Restate exactly, and only, the lines from the one with "Shorts In Rose-Pink Cotton" through the end of the data, with both of those end lines kept. Drop any pictures.

### Data to process

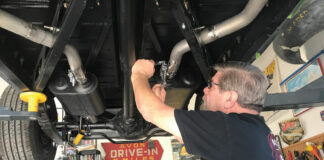 01 Custom exhaust system from Speedway Motors and magnaflow mufflers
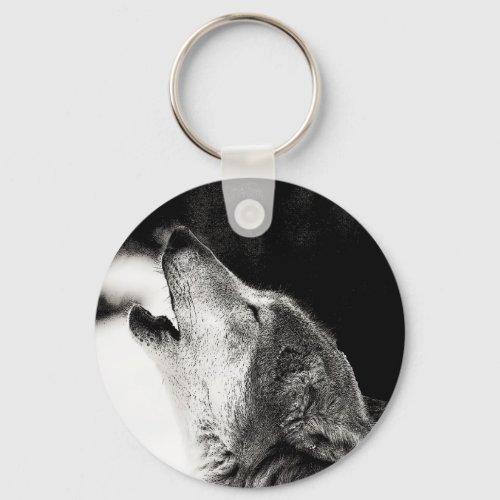 Howling Wolf Keychain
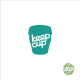 Vaso Reutilizable KeepCup Hydro M, 340 ml, azul/verde/índigo, plástico BPA Free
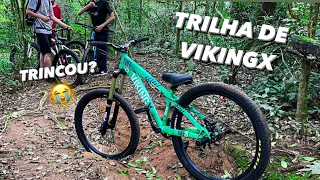 FUI PARA A TRILHA COM MINHA VIKINGX (TRINCOU?)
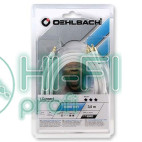 Кабель Mini-Jack - 2RCA Oehlbach 60001 i Connect jack to 2 RCA Set 1,5m white фото 2
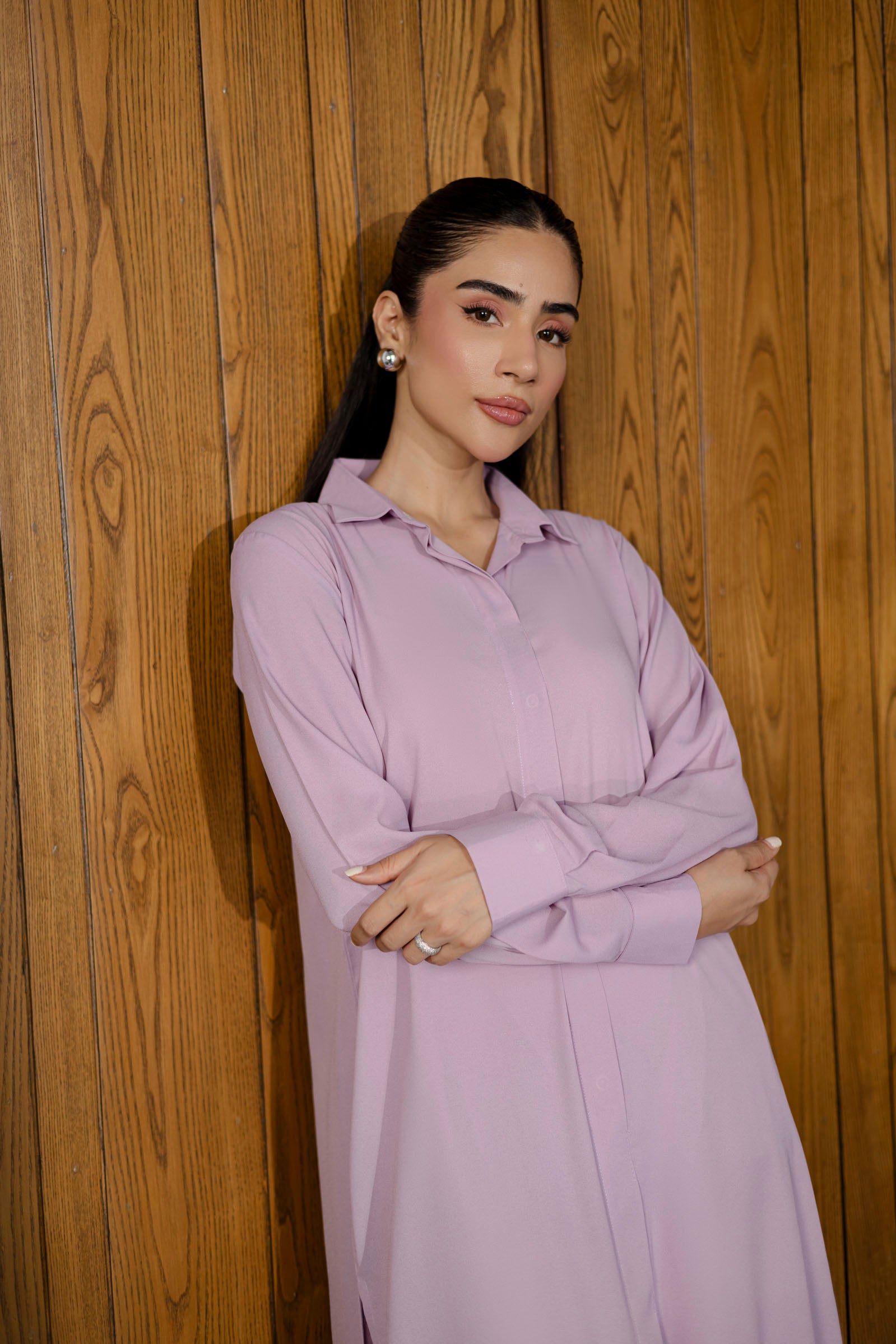 Solid 2PC Dress - SP-02 Lavender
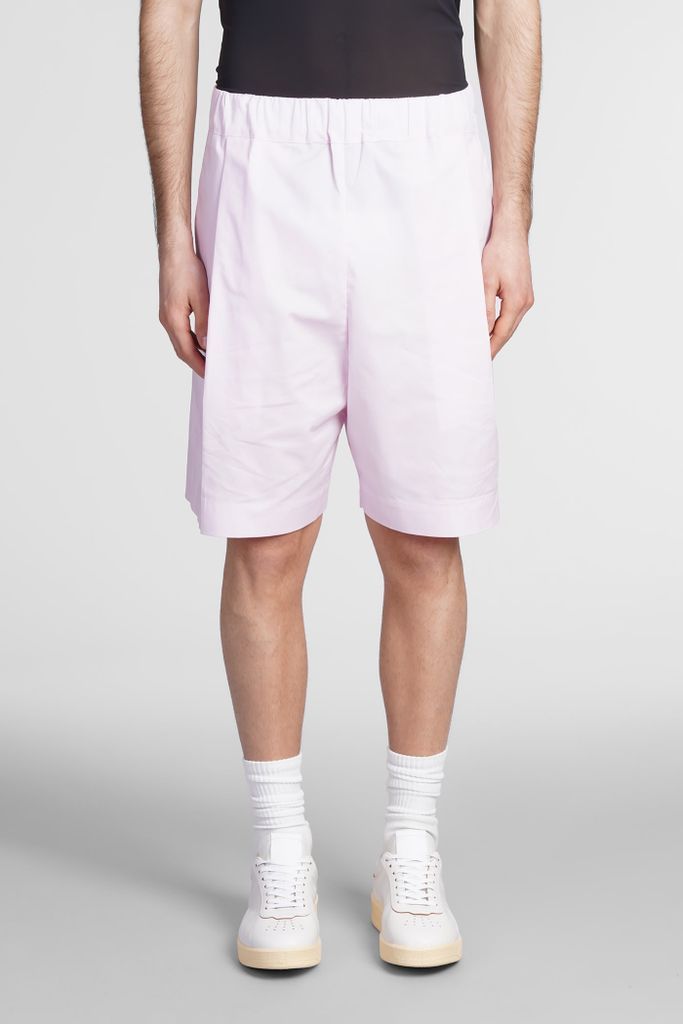 Shorts In Rose-Pink Cotton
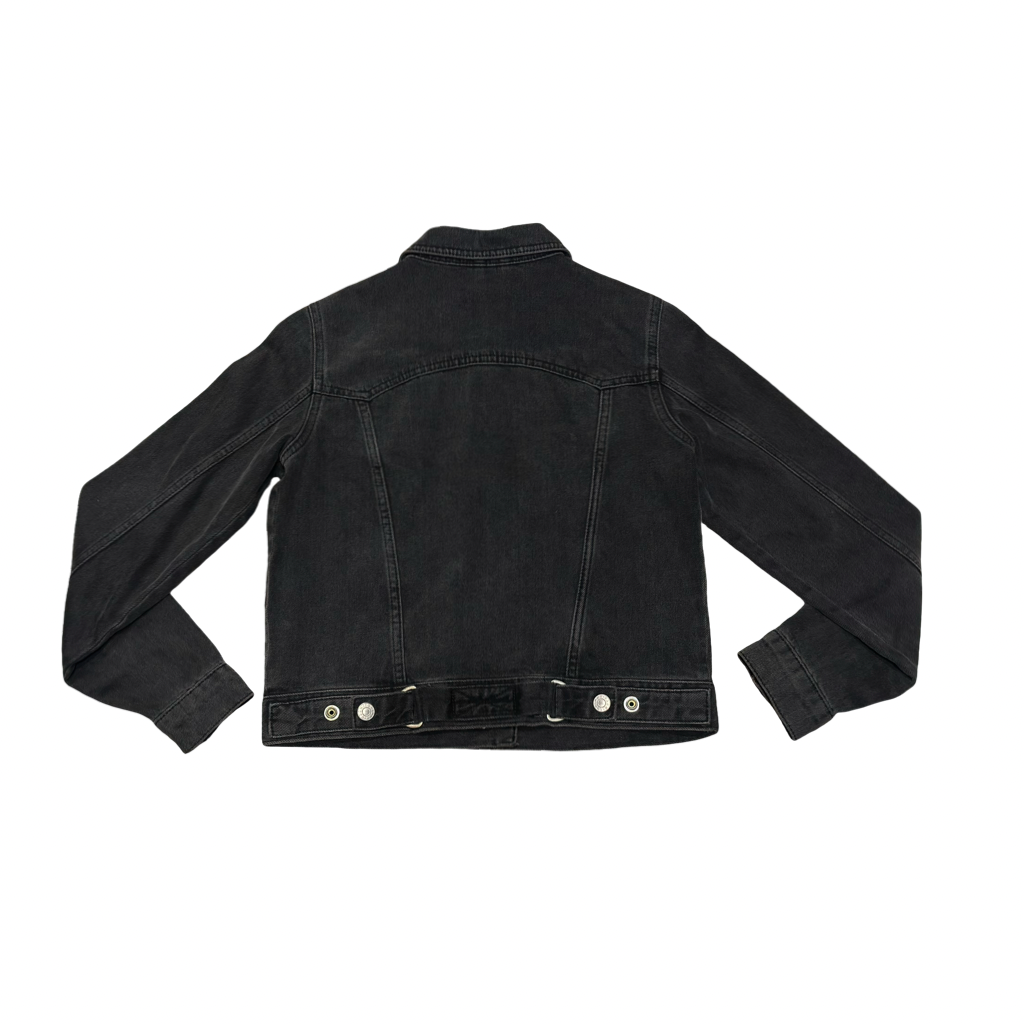 Chaqueta de Denim Negra Topshop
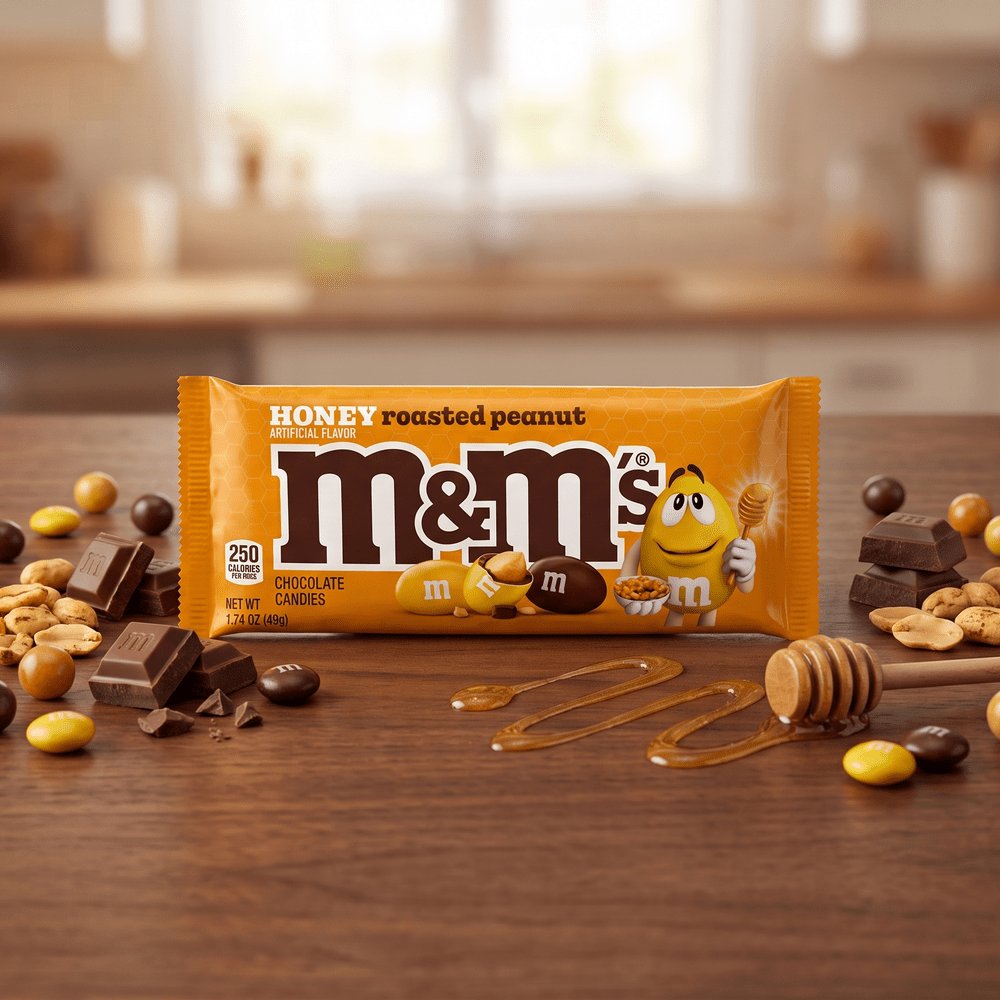 Chocolate con leche M&M's de maní tostado con miel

######

--- Written response ---
 Shorts In Rose-Pink Cotton
 Chaqueta de Denim Negra Topshop
 Chocolate con leche M&M's de maní tostado con miel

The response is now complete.